Professionals in the “Building a Resilient Future: Infrastructure that protects the health of all communities from climate-fueled extreme weather” event discussed the impacts of climate change on public health. Some policies are being put in place now that can help, but the panelists discussed the importance of a united front in fighting climate change.
Miami-Dade County Mayor Daniella Levine Cara opened the event. Miami is a “ground zero” for climate issues like natural disasters that have immensely impacted the Florida communities, Cara said. She said she plans on starting a heat health task force, planting more trees for shade, switching to sewer systems and expanding nature-based infrastructure to combat the effects of these disasters.
“We’ve made it a top priority to incorporate extensive community input from residents, business owners, cities, and other stakeholders,” Cara said. “We’ve prioritized the overwhelming support for infrastructure improvements that include nature-based approaches.”
Natasha DeJarnett, an assistant professor of medicine at the University of Louisville, brought up the discussion of green spaces. In areas with less green space, there are higher temperatures and poorer air quality which increases the risk of chronic illnesses, respiratory issues and cardiovascular problems over time, according to DeJarnett. However, in areas with more green covered, there are better heart and lung outcomes, better mental health and better outcomes for extreme weather events and flooding, DeJarnett said.
Green spaces are an example of the type of climate infrastructure that is lacking in impoverished communities, in turn causing numerous health issues.
“There is a lack of resources in these communities that support protection from extreme weather or extreme heat events,” DeJarnett said.
Marc Coudert, an environmental program manager in Austin, focused on the lack of resources in lower-income communities. He says that there has been a lack of investment in low income communities and in turn they have been exposed to polluted water and other climate related issues like mosquitos from higher temperatures in Austin.
All three panelists agreed that increasing green space is a top priority to reduce the impact of rising temperatures and are pushing the public to see climate change as a public health issue.

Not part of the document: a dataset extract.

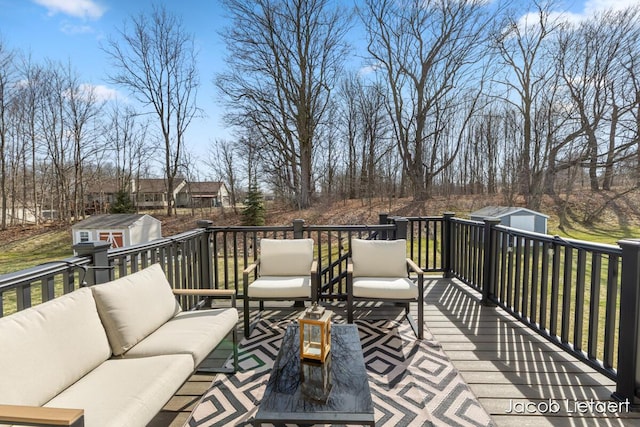 wooden terrace featuring an outbuilding, an outdoor hangout area, and a storage shed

Coudert, DeJarnett and Goldfarb discussed the importance of keeping the public informed and they want to build education around climate change for the general public and the public health system.

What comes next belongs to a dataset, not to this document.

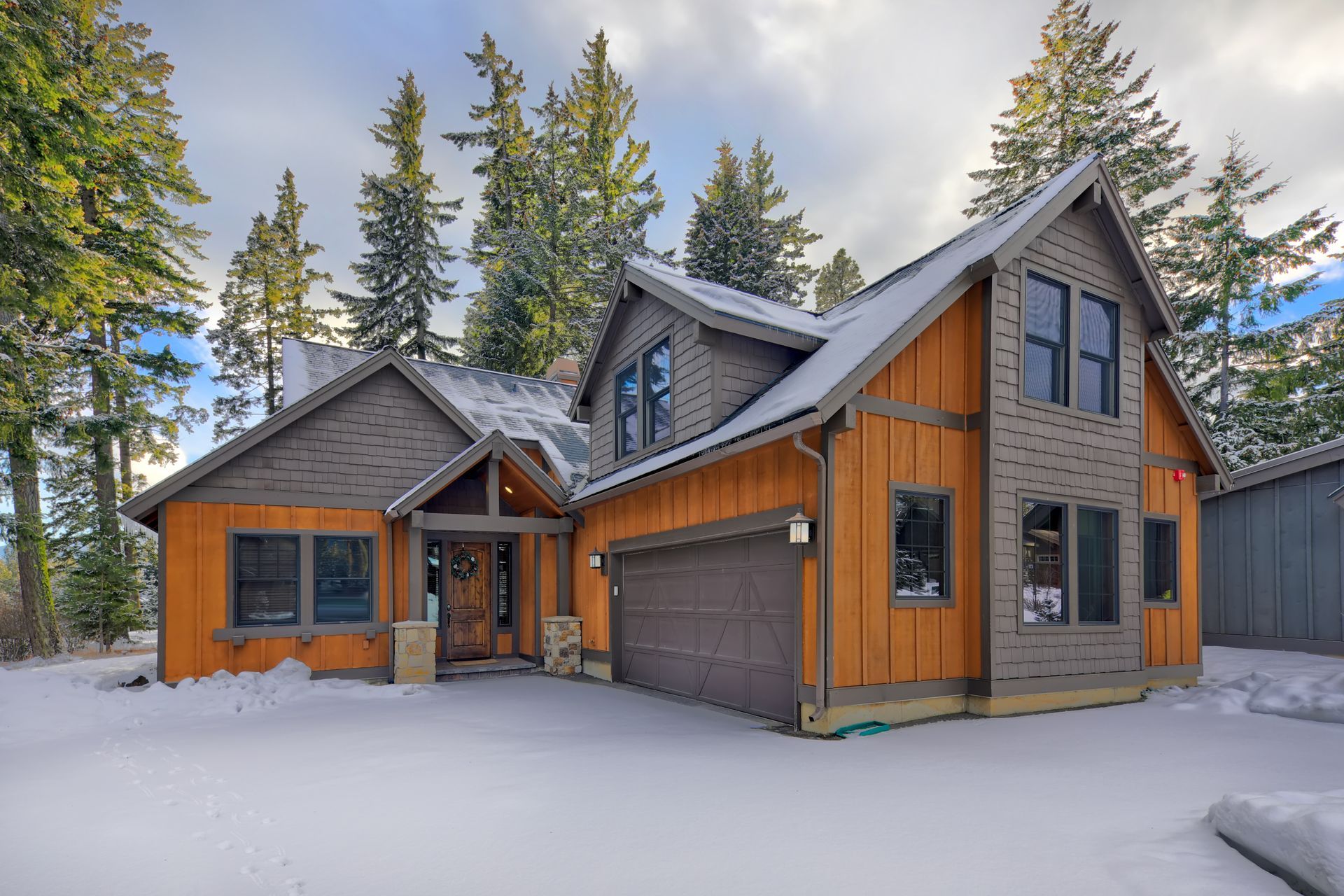 Snow-covered wooden cabin with gray roof and tall pine trees in the background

“We want to develop this capacity in our practice to be able to educate our patients to be able to engage in the community on these issues,” said Goldfarb, who is the environmental public health manager at Oregon Health Authority.
Panelists also discussed the social and emotional impacts of climate change. Evacuation during a severe weather event is not always possible especially for the homeless, lower-income, disabled or undocumented population, DeJarnett said. The consequences of natural disasters are life-altering for people with no insurance or people living in subpar housing that is not resilient enough to withstand these events.

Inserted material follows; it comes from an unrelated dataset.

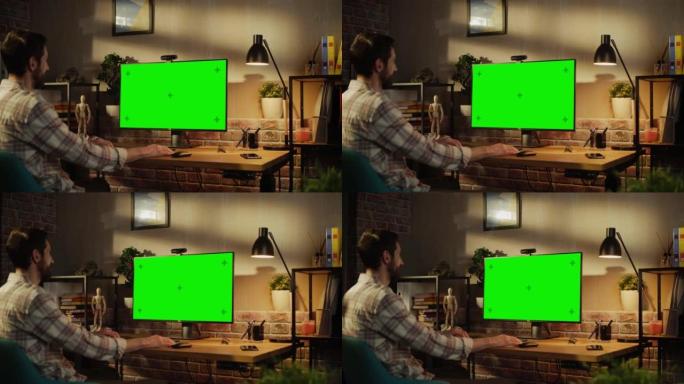 项目经理在家远程工作，在带有带有绿屏模型的显示器的台式计算机上进行视频通话。男人坐在客厅里，与商业伙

Coudert brought up the fact that the traumas of job and housing insecurity as well as dealing with death from natural disasters hugely impact mental health in these vulnerable and high need communities.
Goldfarb introduced Oregon’s new program that is working on the mental health aspect of climate change.
“We just launched actually last week a new disaster resilience learning collaborative, bringing together leaders of BIPOC communities, organizations and tribal health folks …... to acknowledge and identify what the mental health impacts are and how to build resilience in their communities,” Goldfarb said.
While there is a lot of talk about the negative impacts, the panelists also acknowledged the wins, like the Clean Air Act that reduced air pollution significantly.
Despite working in different cities across the U.S., all three panelists have been dealing with the same climate changes and health consequences. They emphasized the immediate need for change and expressed their concerns for the future of our communities if we do not act now.
DeJarnett provided advice to attendees: “Finding yourself in fellowship with others that share your same mission and vision to do something about it can also help ease the eco burden that comes with climate change.”